What you should do: Leave out the pictures and copy each record below exactly.

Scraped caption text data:
· · · · · · ·
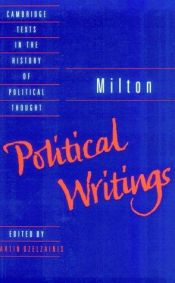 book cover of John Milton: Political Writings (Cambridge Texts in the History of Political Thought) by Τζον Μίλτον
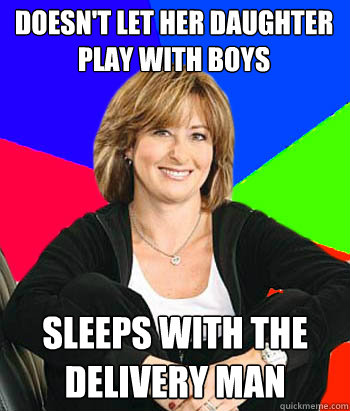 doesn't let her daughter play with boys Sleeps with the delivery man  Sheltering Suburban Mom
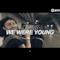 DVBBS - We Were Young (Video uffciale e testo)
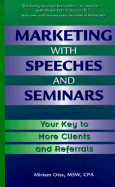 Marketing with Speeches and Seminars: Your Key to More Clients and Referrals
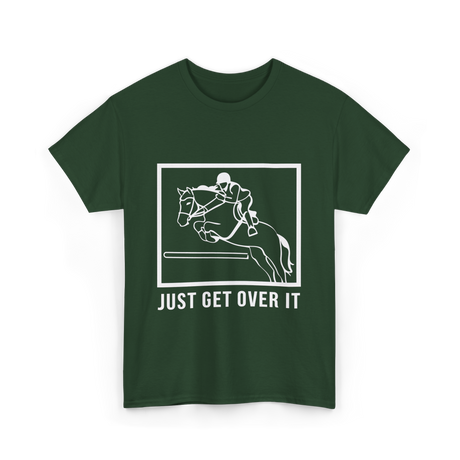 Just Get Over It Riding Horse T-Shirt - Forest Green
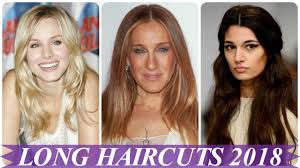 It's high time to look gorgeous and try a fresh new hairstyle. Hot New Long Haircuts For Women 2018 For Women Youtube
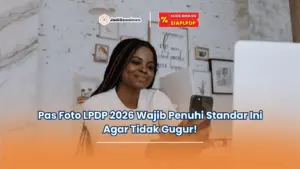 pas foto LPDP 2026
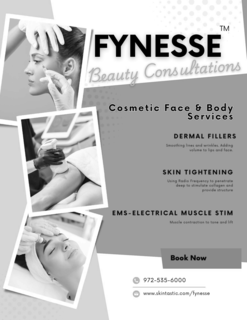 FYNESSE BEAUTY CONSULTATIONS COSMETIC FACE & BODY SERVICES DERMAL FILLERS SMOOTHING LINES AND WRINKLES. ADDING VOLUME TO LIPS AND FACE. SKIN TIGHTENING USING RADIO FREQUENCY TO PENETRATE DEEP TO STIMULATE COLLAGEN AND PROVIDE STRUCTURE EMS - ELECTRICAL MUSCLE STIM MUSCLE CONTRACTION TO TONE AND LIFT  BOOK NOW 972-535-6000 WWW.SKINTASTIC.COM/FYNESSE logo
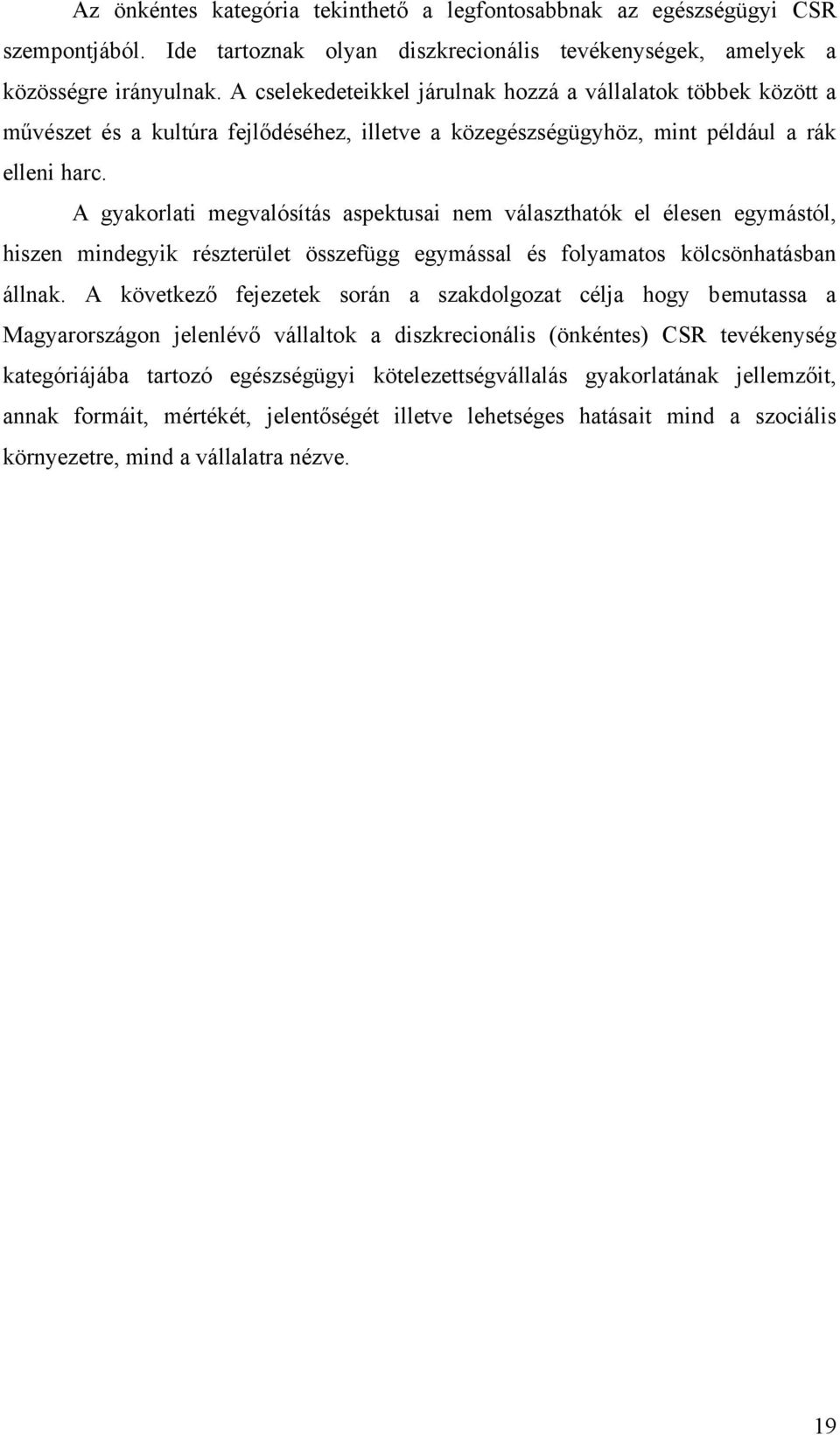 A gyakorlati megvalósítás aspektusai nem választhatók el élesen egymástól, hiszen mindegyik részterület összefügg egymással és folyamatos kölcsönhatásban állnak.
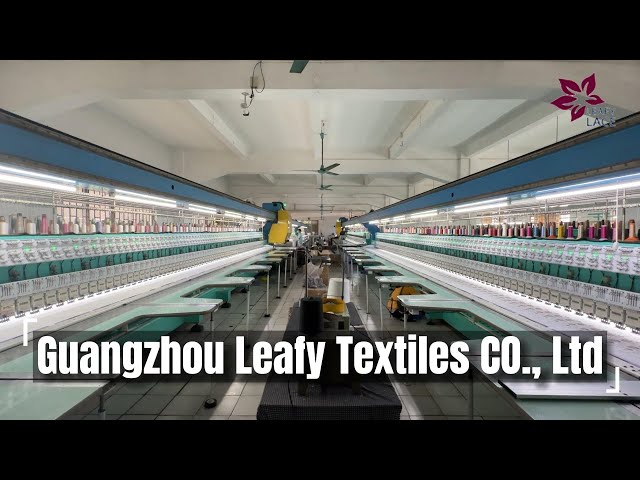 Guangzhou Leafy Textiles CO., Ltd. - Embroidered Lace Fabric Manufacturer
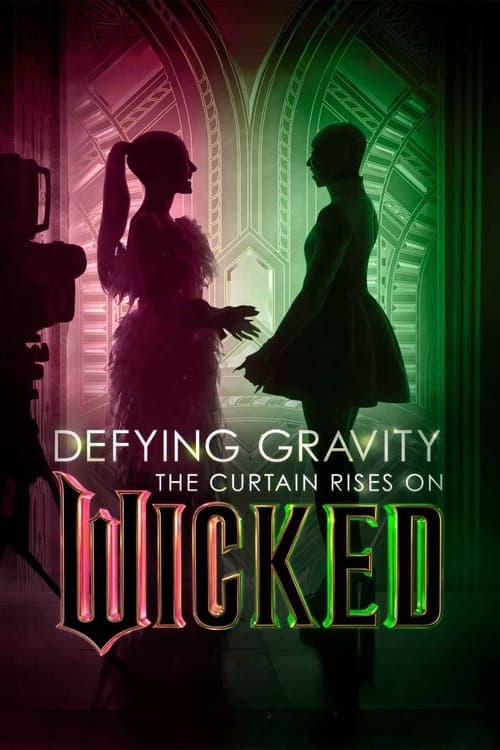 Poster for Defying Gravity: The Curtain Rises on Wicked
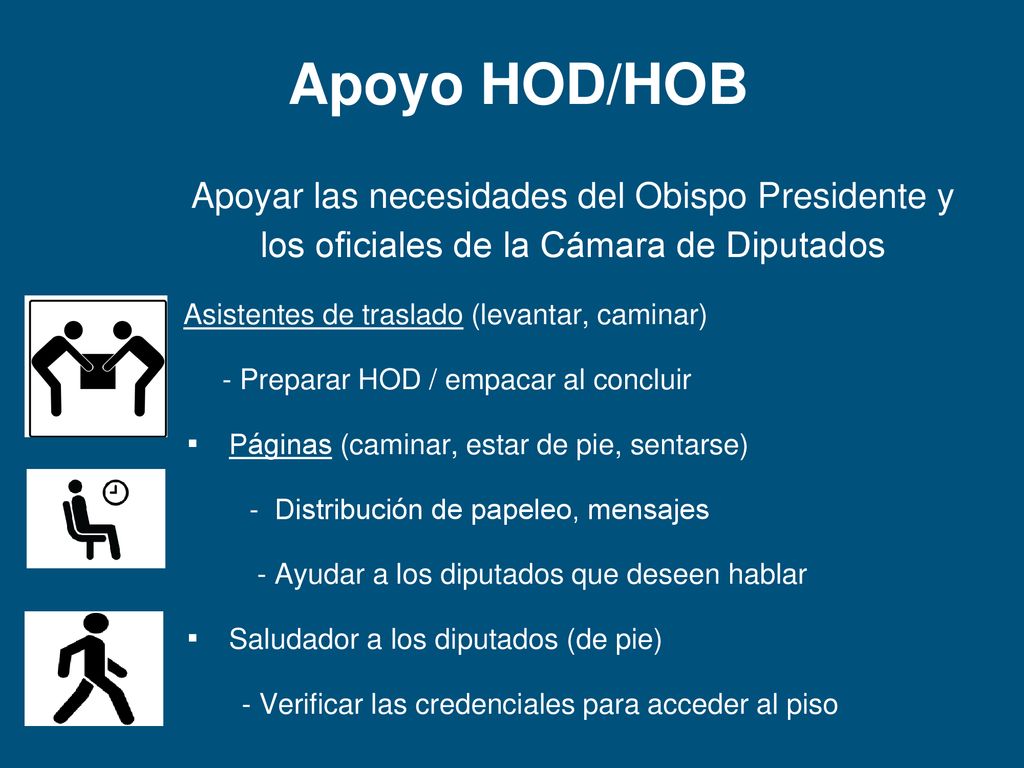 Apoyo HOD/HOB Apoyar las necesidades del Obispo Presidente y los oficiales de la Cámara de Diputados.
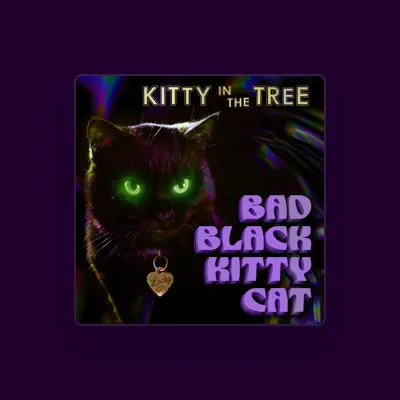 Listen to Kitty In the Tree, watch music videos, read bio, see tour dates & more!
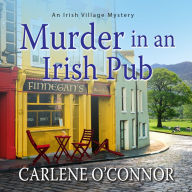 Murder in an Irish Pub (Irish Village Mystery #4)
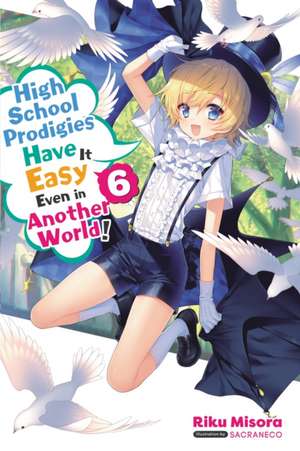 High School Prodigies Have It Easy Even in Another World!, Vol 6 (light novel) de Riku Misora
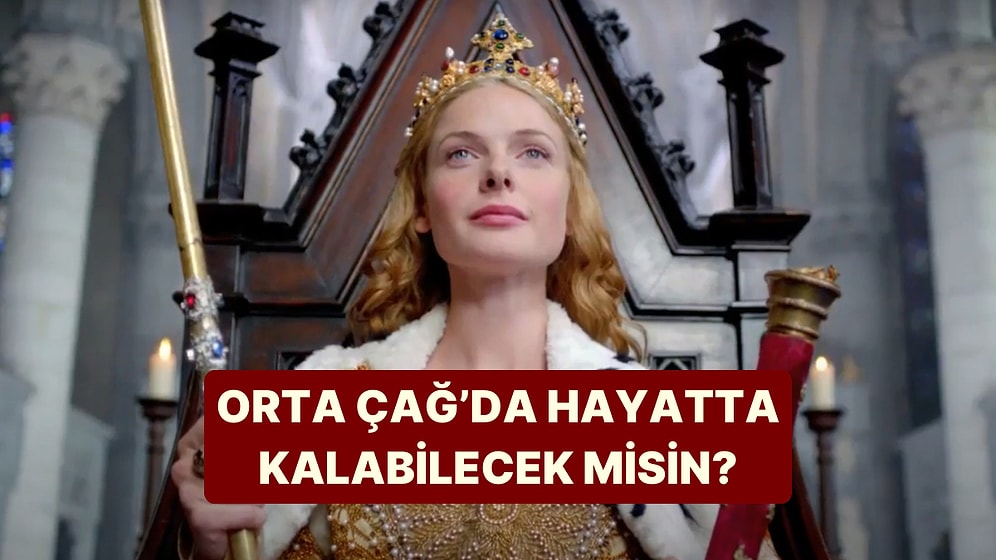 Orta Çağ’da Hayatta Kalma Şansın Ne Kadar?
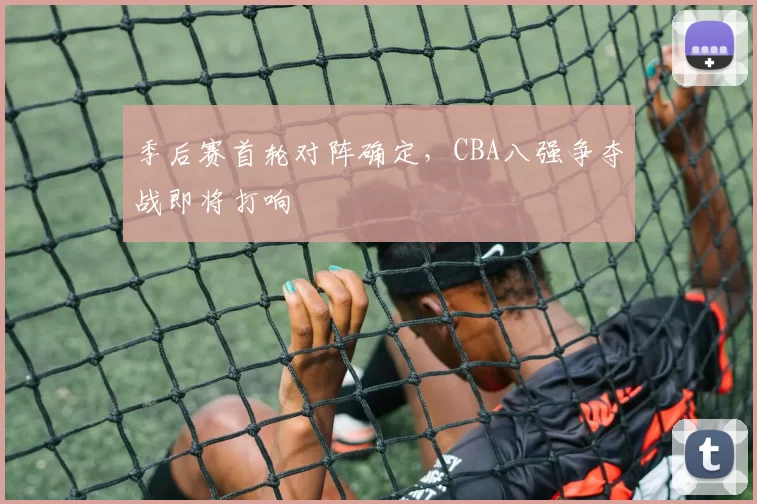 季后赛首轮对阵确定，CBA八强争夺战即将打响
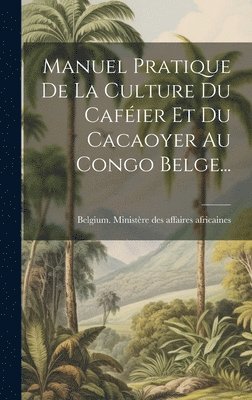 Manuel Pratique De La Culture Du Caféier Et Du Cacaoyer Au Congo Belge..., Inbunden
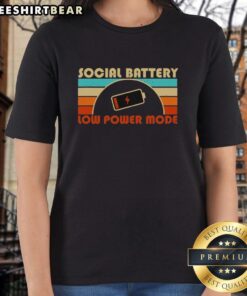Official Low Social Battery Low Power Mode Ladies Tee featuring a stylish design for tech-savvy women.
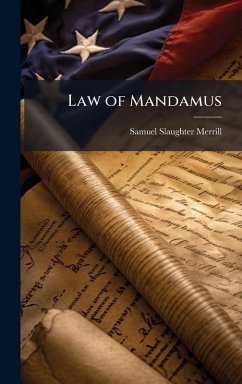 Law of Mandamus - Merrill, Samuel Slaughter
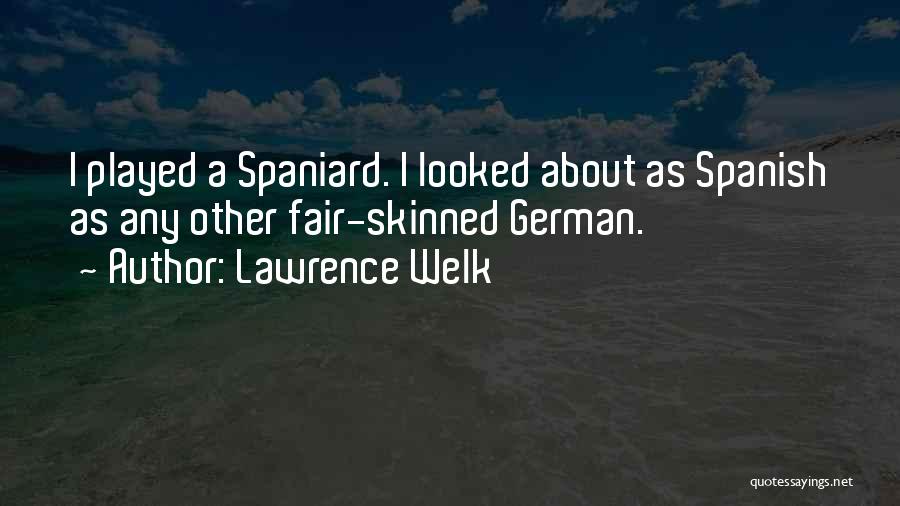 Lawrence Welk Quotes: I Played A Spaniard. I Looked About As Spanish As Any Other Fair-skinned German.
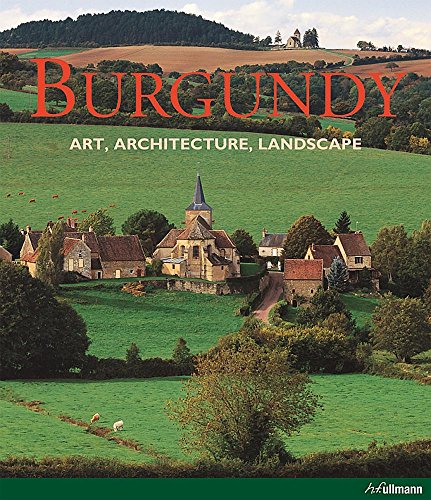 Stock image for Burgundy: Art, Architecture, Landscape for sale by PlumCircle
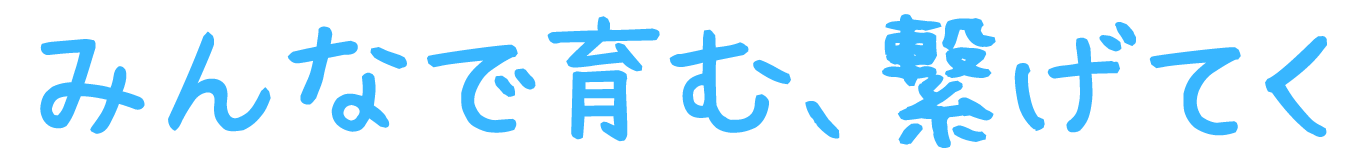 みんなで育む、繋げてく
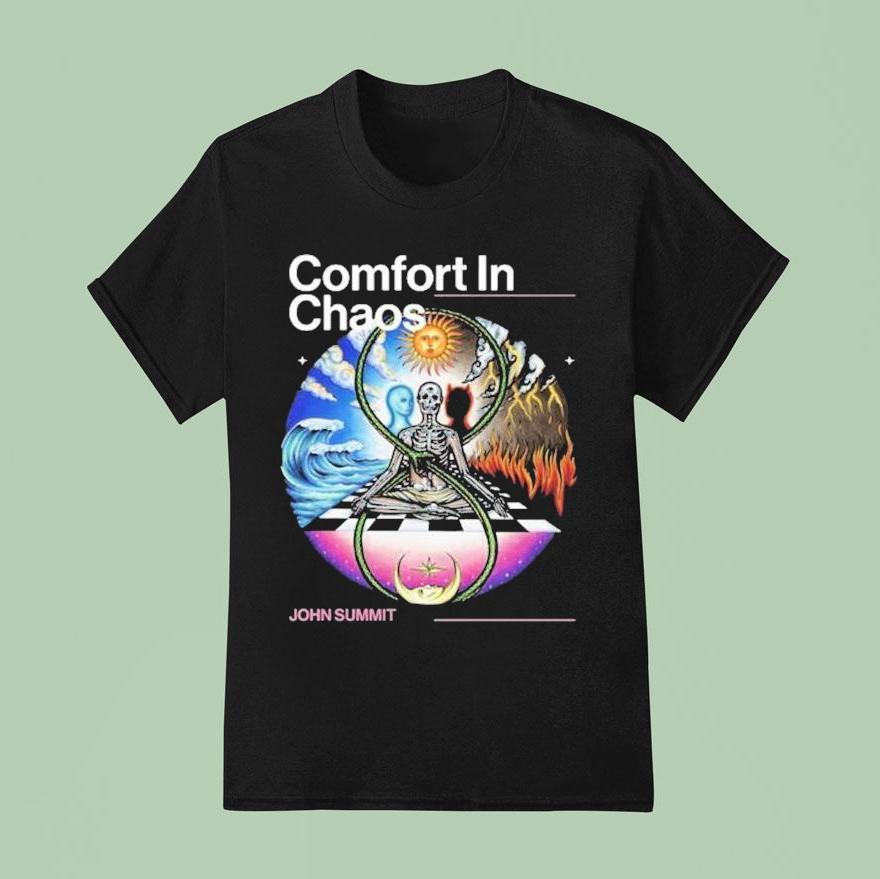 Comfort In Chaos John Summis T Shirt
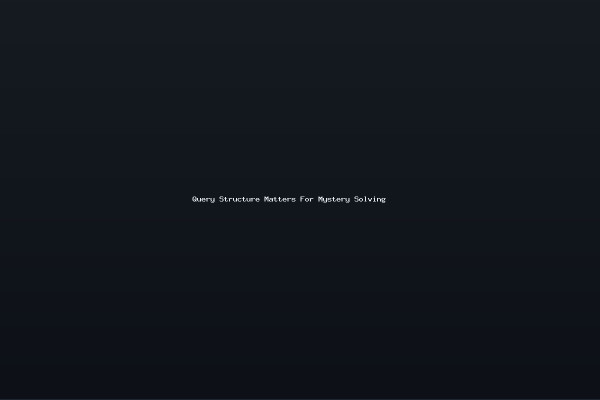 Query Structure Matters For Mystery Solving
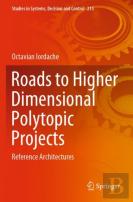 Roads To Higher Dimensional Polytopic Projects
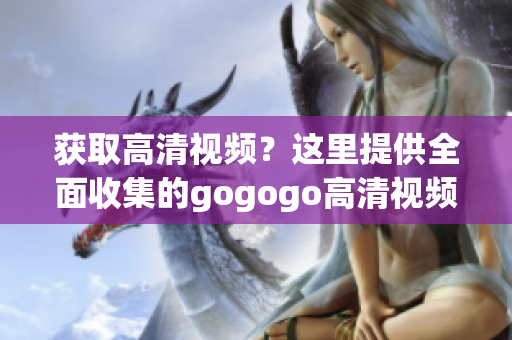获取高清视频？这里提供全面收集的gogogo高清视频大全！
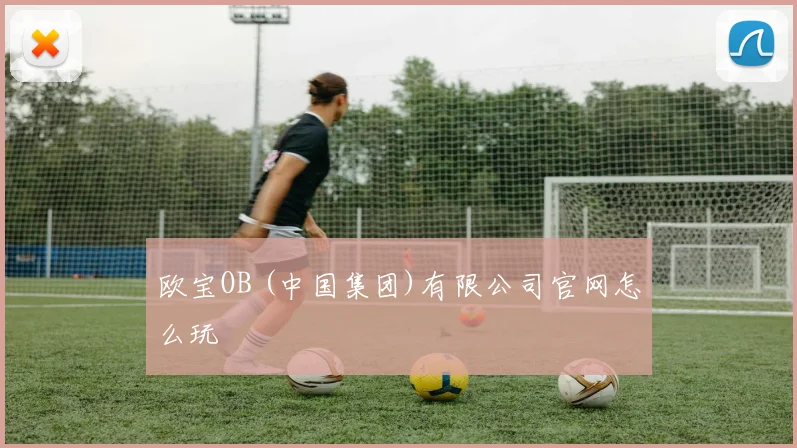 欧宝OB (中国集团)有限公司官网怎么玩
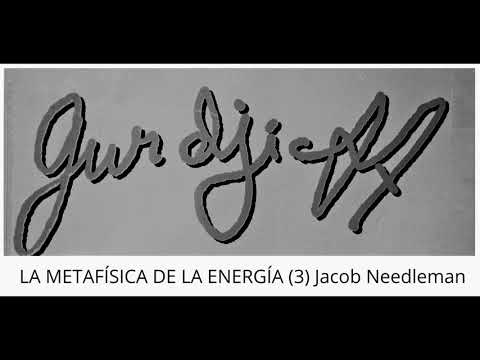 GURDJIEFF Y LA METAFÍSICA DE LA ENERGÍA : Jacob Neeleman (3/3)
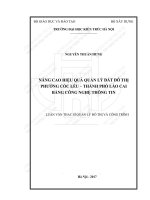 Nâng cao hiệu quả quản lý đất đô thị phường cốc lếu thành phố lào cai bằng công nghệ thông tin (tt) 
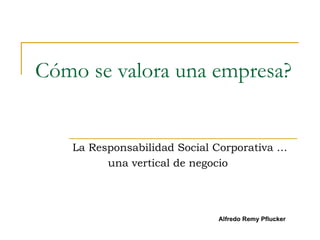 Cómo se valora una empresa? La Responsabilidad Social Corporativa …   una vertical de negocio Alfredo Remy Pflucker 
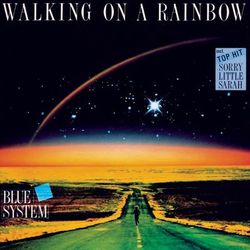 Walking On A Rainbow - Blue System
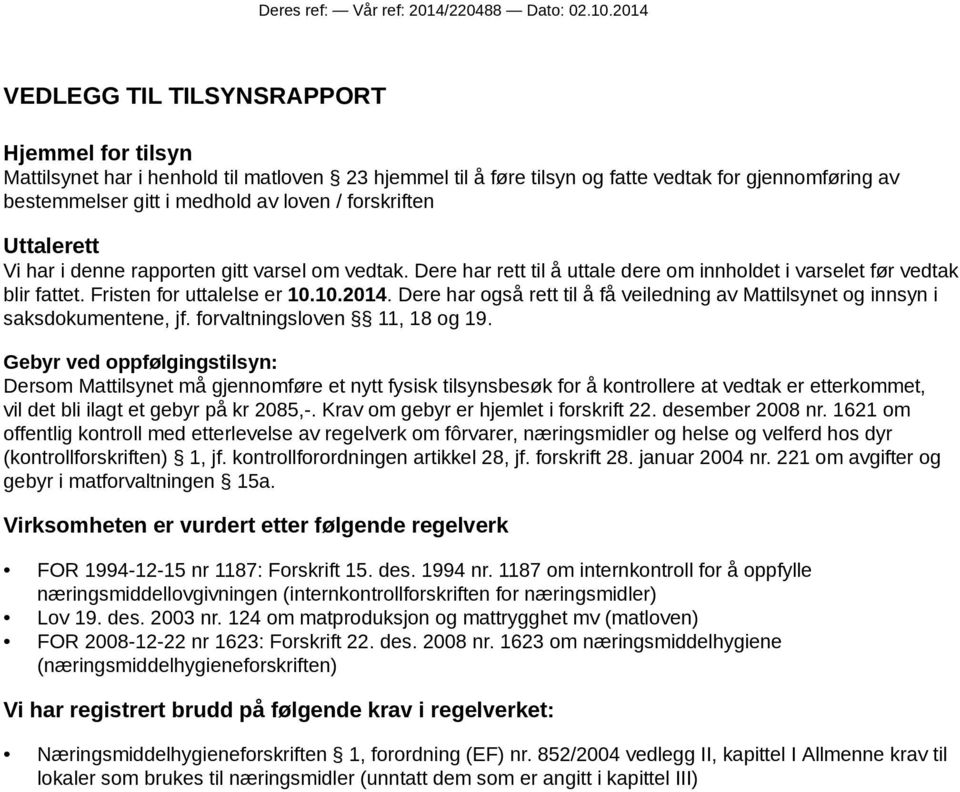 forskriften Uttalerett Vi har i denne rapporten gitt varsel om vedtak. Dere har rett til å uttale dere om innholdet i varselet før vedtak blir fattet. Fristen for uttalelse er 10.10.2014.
· · · · · · ·
Your solution:
 book cover of John Milton: Political Writings (Cambridge Texts in the History of Political Thought) by Τζον Μίλτον
 doesn't let her daughter play with boys Sleeps with the delivery man  Sheltering Suburban Mom
 DVBBS - We Were Young (Video uffciale e testo)
 Marketing with Speeches and Seminars: Your Key to More Clients and Referrals
 Just Get Over It Riding Horse T-Shirt - Forest Green
 It's high time to look gorgeous and try a fresh new hairstyle. Hot New Long Haircuts For Women 2018 For Women Youtube
 pas foto LPDP 2026
 FYNESSE BEAUTY CONSULTATIONS COSMETIC FACE & BODY SERVICES DERMAL FILLERS SMOOTHING LINES AND WRINKLES. ADDING VOLUME TO LIPS AND FACE. SKIN TIGHTENING USING RADIO FREQUENCY TO PENETRATE DEEP TO STIMULATE COLLAGEN AND PROVIDE STRUCTURE EMS - ELECTRICAL MUSCLE STIM MUSCLE CONTRACTION TO TONE AND LIFT  BOOK NOW 972-535-6000 WWW.SKINTASTIC.COM/FYNESSE logo
 A gyakorlati megvalósítás aspektusai nem választhatók el élesen egymástól, hiszen mindegyik részterület összefügg egymással és folyamatos kölcsönhatásban állnak.
 Guangzhou Leafy Textiles CO., Ltd. - Embroidered Lace Fabric Manufacturer
 Poster for Defying Gravity: The Curtain Rises on Wicked
 Apoyo HOD/HOB Apoyar las necesidades del Obispo Presidente y los oficiales de la Cámara de Diputados.
 Listen to Kitty In the Tree, watch music videos, read bio, see tour dates & more!
 Murder in an Irish Pub (Irish Village Mystery #4)
 High School Prodigies Have It Easy Even in Another World!, Vol 6 (light novel) de Riku Misora
 Orta Çağ’da Hayatta Kalma Şansın Ne Kadar?
 季后赛首轮对阵确定，CBA八强争夺战即将打响
 Manuel Pratique De La Culture Du Caféier Et Du Cacaoyer Au Congo Belge..., Inbunden
Official Low Social Battery Low Power Mode Ladies Tee featuring a stylish design for tech-savvy women.
 Law of Mandamus - Merrill, Samuel Slaughter
 Lawrence Welk Quotes: I Played A Spaniard. I Looked About As Spanish As Any Other Fair-skinned German.
 Stock image for Burgundy: Art, Architecture, Landscape for sale by PlumCircle
 みんなで育む、繋げてく
 Comfort In Chaos John Summis T Shirt
 Query Structure Matters For Mystery Solving
 Roads To Higher Dimensional Polytopic Projects
获取高清视频？这里提供全面收集的gogogo高清视频大全！
 欧宝OB (中国集团)有限公司官网怎么玩
 GURDJIEFF Y LA METAFÍSICA DE LA ENERGÍA : Jacob Neeleman (3/3)
 Nâng cao hiệu quả quản lý đất đô thị phường cốc lếu thành phố lào cai bằng công nghệ thông tin (tt) 
 Cómo se valora una empresa? La Responsabilidad Social Corporativa …   una vertical de negocio Alfredo Remy Pflucker 
 Walking On A Rainbow - Blue System
 forskriften Uttalerett Vi har i denne rapporten gitt varsel om vedtak. Dere har rett til å uttale dere om innholdet i varselet før vedtak blir fattet. Fristen for uttalelse er 10.10.2014.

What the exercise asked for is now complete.